There’s an important inconsistency in the message about freedom of belief. According to chapter 10 (Jonah), after a reference to “the people of Jonah” (no whale) he says: “Had your Lord willed it, all on earth, every single one, would have believed. Will you then compel people to become believers? No soul can believe except by God’s leave. He shall inflict his wrath on those who fail to understand.”
That fits with the “no compulsion in religion” rule from chapter 2 (The Cow) but seems inconsistent with the aggression of chapter 9 (Repentance): “Fight those who do not believe in God or the Last Day, who do not hold illicit what God and His Messenger hold illicit, and who do not follow the religion of truth from among those given in the Book, until they offer up the tribute, by hand, in humble mien.”
I guess there are two ways out of this this important inconsistency. One is through abrogation: “For every verse we abrogate or cause to be forgotten, we bring down one better or similar” (also in Chapter 2), though it’s hard to see how using force and/or taxing people for not believing is “similar or better” than recognising their God-given right not to be compelled to believe – or vice versa, depending on the order in which God is deemed to have been “sent down” the verses. And it seems that the Qur’an gives only limited indication of the chronological order.

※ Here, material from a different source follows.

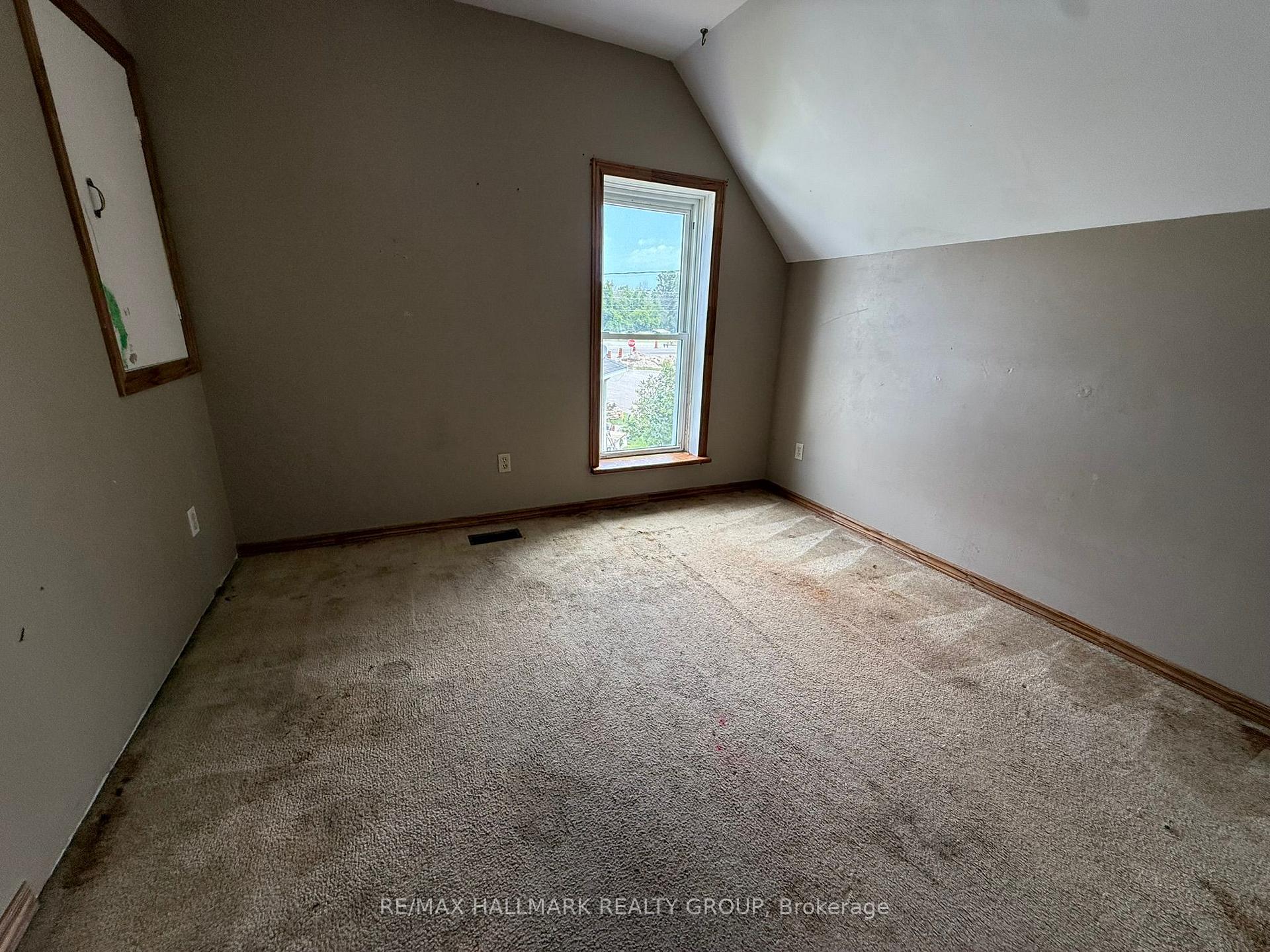 Photo 19 of 12 Circle Drive S, Rideau Lakes, Rideau Lakes (South Crosby) Twp — HOMEH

The other – which seems to me more credible – is to say that the context of “Repentance” is a state of war in which the enemy are also unbelievers, with the (unstated) implication that its aggressive approach only applies in that context. That’s also consistent with the instruction in “The Cow” to believers: “…but do not commit aggression”.
But it’s easy to see how literalists can cherry-pick verses to come to either liberal or – potentially fatal – illiberal conclusions.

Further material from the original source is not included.